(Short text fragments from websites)
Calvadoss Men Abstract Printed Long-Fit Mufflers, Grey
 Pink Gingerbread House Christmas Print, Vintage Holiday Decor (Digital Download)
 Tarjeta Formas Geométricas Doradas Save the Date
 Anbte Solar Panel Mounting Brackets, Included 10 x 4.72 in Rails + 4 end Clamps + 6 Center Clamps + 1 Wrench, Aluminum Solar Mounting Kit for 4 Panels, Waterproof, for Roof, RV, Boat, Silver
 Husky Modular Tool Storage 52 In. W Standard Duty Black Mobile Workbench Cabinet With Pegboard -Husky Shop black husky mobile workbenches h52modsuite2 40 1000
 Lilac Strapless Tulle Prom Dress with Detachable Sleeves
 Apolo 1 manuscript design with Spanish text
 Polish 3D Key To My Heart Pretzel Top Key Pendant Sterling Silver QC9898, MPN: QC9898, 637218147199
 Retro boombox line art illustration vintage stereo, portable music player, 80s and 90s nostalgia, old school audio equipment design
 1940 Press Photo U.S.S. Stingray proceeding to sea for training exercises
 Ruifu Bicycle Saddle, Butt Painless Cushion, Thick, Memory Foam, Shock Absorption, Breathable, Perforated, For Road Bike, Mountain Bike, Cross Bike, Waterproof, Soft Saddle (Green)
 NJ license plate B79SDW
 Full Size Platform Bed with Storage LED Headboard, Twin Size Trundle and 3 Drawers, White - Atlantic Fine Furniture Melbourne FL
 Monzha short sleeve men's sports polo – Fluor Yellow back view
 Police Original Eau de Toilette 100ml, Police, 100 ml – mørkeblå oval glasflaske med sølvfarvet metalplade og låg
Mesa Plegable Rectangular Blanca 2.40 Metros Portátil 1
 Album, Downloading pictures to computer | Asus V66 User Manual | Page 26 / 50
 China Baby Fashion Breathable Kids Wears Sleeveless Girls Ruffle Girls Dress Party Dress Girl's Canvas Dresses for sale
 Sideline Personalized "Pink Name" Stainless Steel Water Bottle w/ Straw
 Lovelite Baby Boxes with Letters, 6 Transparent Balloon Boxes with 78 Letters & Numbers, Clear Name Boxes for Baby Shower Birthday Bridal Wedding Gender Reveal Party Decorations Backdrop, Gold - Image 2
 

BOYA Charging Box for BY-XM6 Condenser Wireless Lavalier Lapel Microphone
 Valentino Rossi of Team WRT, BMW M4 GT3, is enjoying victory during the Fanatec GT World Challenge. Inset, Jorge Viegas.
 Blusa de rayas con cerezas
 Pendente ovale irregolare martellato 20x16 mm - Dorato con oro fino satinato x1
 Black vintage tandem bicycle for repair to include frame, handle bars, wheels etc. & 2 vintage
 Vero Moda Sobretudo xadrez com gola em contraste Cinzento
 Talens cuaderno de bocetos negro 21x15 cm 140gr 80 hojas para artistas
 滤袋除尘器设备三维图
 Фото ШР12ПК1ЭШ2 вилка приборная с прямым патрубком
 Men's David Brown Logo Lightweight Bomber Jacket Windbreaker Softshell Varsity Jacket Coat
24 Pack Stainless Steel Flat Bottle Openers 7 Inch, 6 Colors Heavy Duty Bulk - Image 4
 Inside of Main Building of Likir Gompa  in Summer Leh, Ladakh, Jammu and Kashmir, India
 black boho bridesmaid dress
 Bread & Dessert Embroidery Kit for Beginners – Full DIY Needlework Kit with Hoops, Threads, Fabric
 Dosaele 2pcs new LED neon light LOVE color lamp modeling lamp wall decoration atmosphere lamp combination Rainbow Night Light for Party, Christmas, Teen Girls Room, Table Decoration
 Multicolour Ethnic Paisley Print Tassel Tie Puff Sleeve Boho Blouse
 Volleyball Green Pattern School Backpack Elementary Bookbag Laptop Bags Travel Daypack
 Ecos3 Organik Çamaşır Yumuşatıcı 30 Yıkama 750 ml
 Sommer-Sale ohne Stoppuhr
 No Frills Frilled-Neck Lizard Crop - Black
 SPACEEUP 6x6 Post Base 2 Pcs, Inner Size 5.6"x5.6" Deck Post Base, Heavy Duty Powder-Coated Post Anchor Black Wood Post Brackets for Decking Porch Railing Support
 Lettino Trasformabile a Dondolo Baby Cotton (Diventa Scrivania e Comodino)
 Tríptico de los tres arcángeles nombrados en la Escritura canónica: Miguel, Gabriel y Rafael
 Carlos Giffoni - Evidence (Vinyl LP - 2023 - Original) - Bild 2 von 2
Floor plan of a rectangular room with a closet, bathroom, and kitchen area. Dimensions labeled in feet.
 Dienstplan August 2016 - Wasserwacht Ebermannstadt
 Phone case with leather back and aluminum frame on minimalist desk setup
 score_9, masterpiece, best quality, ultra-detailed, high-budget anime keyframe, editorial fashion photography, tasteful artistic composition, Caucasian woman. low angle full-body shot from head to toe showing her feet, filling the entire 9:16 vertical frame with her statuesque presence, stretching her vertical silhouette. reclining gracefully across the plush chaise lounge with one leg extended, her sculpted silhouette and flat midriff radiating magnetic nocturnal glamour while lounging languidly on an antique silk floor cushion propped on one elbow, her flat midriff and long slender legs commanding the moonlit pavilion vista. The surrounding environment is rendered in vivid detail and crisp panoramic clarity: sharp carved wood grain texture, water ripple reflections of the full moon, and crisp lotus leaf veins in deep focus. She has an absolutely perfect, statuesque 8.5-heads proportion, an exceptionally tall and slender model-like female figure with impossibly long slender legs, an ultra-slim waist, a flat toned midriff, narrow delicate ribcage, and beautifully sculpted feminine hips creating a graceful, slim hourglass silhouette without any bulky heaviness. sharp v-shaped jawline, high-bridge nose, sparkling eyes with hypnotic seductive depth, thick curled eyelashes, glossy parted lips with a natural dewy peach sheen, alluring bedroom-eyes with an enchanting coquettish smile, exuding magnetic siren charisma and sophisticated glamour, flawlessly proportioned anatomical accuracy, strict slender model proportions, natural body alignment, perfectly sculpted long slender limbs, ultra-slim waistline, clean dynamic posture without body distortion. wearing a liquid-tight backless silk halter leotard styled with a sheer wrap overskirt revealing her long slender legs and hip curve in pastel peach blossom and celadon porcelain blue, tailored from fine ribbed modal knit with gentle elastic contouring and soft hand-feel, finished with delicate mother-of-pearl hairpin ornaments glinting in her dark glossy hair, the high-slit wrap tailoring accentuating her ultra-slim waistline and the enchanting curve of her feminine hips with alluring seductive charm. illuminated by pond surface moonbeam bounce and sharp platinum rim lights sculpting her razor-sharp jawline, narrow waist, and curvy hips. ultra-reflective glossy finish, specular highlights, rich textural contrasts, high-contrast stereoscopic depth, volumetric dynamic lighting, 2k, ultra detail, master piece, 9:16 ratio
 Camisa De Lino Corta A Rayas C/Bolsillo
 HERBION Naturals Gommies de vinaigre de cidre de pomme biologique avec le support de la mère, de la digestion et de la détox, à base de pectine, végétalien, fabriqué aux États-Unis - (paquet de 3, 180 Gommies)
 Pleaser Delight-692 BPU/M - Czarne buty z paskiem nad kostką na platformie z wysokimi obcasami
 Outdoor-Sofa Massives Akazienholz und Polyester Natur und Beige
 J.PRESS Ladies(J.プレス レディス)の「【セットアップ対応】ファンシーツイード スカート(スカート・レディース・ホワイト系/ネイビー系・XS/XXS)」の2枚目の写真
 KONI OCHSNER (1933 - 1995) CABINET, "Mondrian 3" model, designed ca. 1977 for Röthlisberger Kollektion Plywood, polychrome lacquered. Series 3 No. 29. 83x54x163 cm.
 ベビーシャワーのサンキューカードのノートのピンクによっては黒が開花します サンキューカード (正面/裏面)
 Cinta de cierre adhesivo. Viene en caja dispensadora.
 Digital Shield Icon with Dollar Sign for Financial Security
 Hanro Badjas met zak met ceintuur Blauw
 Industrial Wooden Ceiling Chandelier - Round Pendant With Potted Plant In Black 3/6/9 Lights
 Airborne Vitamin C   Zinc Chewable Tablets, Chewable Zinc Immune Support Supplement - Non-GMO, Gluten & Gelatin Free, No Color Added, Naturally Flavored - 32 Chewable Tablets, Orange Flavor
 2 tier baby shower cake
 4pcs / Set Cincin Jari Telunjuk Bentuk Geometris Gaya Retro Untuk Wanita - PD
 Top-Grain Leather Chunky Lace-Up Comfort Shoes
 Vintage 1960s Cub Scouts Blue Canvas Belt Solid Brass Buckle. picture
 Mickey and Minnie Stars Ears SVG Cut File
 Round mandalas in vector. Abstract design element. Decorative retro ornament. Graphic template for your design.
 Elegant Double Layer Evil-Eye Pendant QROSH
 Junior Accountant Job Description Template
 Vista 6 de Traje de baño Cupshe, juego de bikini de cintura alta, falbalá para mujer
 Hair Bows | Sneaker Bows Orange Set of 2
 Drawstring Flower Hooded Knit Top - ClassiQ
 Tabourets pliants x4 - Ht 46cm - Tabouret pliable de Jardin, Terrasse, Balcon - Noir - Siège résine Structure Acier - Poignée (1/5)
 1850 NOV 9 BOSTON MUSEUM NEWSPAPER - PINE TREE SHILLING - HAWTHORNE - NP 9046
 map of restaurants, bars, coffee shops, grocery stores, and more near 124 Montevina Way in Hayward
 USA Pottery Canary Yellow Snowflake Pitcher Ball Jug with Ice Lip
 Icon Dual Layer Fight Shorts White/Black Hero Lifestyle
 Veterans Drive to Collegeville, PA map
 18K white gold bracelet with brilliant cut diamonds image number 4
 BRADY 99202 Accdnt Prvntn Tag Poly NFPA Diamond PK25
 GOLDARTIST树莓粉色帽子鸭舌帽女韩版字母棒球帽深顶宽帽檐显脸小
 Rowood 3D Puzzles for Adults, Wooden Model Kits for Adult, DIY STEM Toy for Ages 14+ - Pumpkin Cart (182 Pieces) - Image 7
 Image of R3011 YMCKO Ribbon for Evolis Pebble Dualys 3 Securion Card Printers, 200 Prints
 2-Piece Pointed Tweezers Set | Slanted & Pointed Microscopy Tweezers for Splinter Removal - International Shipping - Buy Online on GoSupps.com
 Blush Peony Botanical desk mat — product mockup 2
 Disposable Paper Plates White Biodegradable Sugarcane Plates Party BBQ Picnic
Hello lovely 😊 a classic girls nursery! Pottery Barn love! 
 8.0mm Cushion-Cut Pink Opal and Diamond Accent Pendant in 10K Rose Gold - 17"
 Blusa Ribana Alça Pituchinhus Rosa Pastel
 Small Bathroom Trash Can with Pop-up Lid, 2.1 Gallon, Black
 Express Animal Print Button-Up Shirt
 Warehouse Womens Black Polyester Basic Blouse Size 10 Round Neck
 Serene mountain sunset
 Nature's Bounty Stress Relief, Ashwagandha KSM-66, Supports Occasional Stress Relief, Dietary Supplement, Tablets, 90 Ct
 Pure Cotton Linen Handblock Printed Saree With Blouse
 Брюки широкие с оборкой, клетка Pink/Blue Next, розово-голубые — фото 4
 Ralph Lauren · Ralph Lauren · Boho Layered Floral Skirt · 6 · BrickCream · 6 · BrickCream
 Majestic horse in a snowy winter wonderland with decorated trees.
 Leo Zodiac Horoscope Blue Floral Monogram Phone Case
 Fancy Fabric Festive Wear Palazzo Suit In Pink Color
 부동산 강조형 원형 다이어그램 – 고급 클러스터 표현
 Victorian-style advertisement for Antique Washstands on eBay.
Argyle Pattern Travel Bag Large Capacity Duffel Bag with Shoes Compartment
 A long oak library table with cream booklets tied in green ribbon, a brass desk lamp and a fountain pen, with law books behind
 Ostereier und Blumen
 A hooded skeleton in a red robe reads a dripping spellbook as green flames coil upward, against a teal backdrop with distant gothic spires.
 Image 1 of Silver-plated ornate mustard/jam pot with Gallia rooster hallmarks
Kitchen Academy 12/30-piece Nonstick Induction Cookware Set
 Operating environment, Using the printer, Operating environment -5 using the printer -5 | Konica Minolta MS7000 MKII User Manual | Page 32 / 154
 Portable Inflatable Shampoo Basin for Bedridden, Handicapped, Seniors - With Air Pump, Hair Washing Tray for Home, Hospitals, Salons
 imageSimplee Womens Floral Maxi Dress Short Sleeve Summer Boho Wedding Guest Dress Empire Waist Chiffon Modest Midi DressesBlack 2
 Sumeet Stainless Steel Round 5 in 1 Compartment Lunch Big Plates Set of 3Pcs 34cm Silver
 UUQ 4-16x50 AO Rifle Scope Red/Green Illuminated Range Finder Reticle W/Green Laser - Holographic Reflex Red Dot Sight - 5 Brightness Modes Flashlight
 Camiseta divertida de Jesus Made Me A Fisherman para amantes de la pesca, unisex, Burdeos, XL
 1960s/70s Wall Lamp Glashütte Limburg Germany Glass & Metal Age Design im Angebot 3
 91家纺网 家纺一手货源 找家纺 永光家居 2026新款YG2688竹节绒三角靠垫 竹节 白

▶ Activity
From the entries above, give again exactly the lines running from the line with "map of restaurants, bars, coffee" to the line with "Blush Peony Botanical"; include both of those lines.

▶ Solution to the exercise
 map of restaurants, bars, coffee shops, grocery stores, and more near 124 Montevina Way in Hayward
 USA Pottery Canary Yellow Snowflake Pitcher Ball Jug with Ice Lip
 Icon Dual Layer Fight Shorts White/Black Hero Lifestyle
 Veterans Drive to Collegeville, PA map
 18K white gold bracelet with brilliant cut diamonds image number 4
 BRADY 99202 Accdnt Prvntn Tag Poly NFPA Diamond PK25
 GOLDARTIST树莓粉色帽子鸭舌帽女韩版字母棒球帽深顶宽帽檐显脸小
 Rowood 3D Puzzles for Adults, Wooden Model Kits for Adult, DIY STEM Toy for Ages 14+ - Pumpkin Cart (182 Pieces) - Image 7
 Image of R3011 YMCKO Ribbon for Evolis Pebble Dualys 3 Securion Card Printers, 200 Prints
 2-Piece Pointed Tweezers Set | Slanted & Pointed Microscopy Tweezers for Splinter Removal - International Shipping - Buy Online on GoSupps.com
 Blush Peony Botanical desk mat — product mockup 2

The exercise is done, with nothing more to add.